● **TASK PROMPT**
For every entry that follows, return an identical copy.

● **THE DATA**
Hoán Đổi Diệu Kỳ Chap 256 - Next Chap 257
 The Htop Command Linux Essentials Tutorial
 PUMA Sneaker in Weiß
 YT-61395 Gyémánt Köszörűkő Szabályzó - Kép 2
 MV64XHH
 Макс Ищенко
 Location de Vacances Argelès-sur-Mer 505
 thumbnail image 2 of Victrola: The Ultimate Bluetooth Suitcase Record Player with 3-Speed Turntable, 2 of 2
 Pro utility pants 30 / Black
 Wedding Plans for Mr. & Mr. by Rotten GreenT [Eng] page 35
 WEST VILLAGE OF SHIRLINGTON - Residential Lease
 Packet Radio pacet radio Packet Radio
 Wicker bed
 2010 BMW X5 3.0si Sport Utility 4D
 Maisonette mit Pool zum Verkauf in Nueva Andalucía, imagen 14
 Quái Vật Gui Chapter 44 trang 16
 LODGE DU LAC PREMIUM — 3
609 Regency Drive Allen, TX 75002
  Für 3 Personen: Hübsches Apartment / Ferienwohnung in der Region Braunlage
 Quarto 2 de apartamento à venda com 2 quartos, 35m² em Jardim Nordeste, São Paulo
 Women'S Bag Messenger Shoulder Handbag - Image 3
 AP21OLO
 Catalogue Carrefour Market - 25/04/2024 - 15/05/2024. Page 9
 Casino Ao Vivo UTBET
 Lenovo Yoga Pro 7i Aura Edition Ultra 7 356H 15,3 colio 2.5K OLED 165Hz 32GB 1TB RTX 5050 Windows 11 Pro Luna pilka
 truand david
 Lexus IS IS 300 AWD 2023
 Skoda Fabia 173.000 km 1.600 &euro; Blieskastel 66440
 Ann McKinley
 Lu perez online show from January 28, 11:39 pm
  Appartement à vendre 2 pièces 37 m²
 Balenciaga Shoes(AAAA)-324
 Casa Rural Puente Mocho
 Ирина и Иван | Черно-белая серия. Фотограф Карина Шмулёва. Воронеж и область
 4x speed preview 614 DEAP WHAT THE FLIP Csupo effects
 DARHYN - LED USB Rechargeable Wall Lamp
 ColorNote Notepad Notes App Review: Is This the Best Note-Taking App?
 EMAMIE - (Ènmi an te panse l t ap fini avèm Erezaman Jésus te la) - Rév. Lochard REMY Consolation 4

● **RESPONSE TO THIS TASK**
Hoán Đổi Diệu Kỳ Chap 256 - Next Chap 257
 The Htop Command Linux Essentials Tutorial
 PUMA Sneaker in Weiß
 YT-61395 Gyémánt Köszörűkő Szabályzó - Kép 2
 MV64XHH
 Макс Ищенко
 Location de Vacances Argelès-sur-Mer 505
 thumbnail image 2 of Victrola: The Ultimate Bluetooth Suitcase Record Player with 3-Speed Turntable, 2 of 2
 Pro utility pants 30 / Black
 Wedding Plans for Mr. & Mr. by Rotten GreenT [Eng] page 35
 WEST VILLAGE OF SHIRLINGTON - Residential Lease
 Packet Radio pacet radio Packet Radio
 Wicker bed
 2010 BMW X5 3.0si Sport Utility 4D
 Maisonette mit Pool zum Verkauf in Nueva Andalucía, imagen 14
 Quái Vật Gui Chapter 44 trang 16
 LODGE DU LAC PREMIUM — 3
609 Regency Drive Allen, TX 75002
  Für 3 Personen: Hübsches Apartment / Ferienwohnung in der Region Braunlage
 Quarto 2 de apartamento à venda com 2 quartos, 35m² em Jardim Nordeste, São Paulo
 Women'S Bag Messenger Shoulder Handbag - Image 3
 AP21OLO
 Catalogue Carrefour Market - 25/04/2024 - 15/05/2024. Page 9
 Casino Ao Vivo UTBET
 Lenovo Yoga Pro 7i Aura Edition Ultra 7 356H 15,3 colio 2.5K OLED 165Hz 32GB 1TB RTX 5050 Windows 11 Pro Luna pilka
 truand david
 Lexus IS IS 300 AWD 2023
 Skoda Fabia 173.000 km 1.600 &euro; Blieskastel 66440
 Ann McKinley
 Lu perez online show from January 28, 11:39 pm
  Appartement à vendre 2 pièces 37 m²
 Balenciaga Shoes(AAAA)-324
 Casa Rural Puente Mocho
 Ирина и Иван | Черно-белая серия. Фотограф Карина Шмулёва. Воронеж и область
 4x speed preview 614 DEAP WHAT THE FLIP Csupo effects
 DARHYN - LED USB Rechargeable Wall Lamp
 ColorNote Notepad Notes App Review: Is This the Best Note-Taking App?
 EMAMIE - (Ènmi an te panse l t ap fini avèm Erezaman Jésus te la) - Rév. Lochard REMY Consolation 4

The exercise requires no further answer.